British industrialist, magazine founder, editor, barrister and author

James Samuelson (April 1829-14 April 1918) was a Liverpool industrialist, magazine founder and editor, barrister of the Middle Temple and prolific British non-fiction author known for his works on the history of the Balkans and on social and philosophical topics.

==Early life and family==
James Samuelson was born in Liverpool in 1829 to Samuel and Sarah Samuelson. His older brother, Bernhard Samuelson, became a Member of Parliament.

==Career==
Samuelson's early career was as a science teacher and writer on microscopy about which he published several books in 1860. In 1861 he founded the quarterly Popular Science Review which he sold to the medical writer Henry Lawson in 1864. He then immediately co-founded and edited with William Crookes the more academic Quarterly Journal of Science which was innovative in breaking with the tradition of anonymous content of similar journals. This he sold to Crookes in 1870.

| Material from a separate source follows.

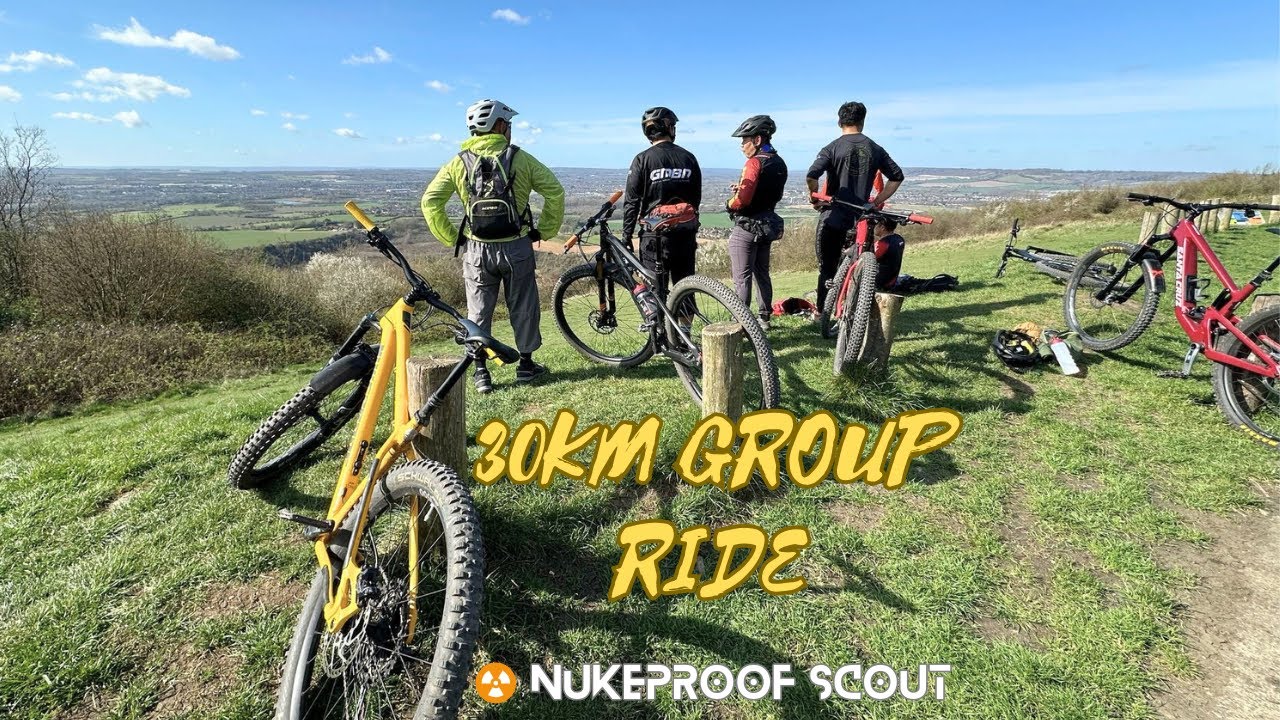 My First Ride on the Nukeproof ☢️ Scout MTB: Conquering Maidstone’s 30KM Trails!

Around this time, he decided to study law and become a barrister at the Middle Temple. He became increasingly involved with social and political topics and wrote books on The German Working Man (1869) and Work, Wages, and the Profits of Capital (1872), and continued to produce works on labour and social topics such as temperance for the rest of his life. In 1869, he was the president of the Liverpool Operative Trades Hall. In 1882, he was living at Claughton, Birkenhead.

Samuelson stood three times for Parliament, as a Liberal-Labour candidate: in Birkenhead at the 1874 general election, in Liverpool Kirkdale at the 1885 general election, and in East Renfrewshire at the 1886 general election, taking third place on each occasion.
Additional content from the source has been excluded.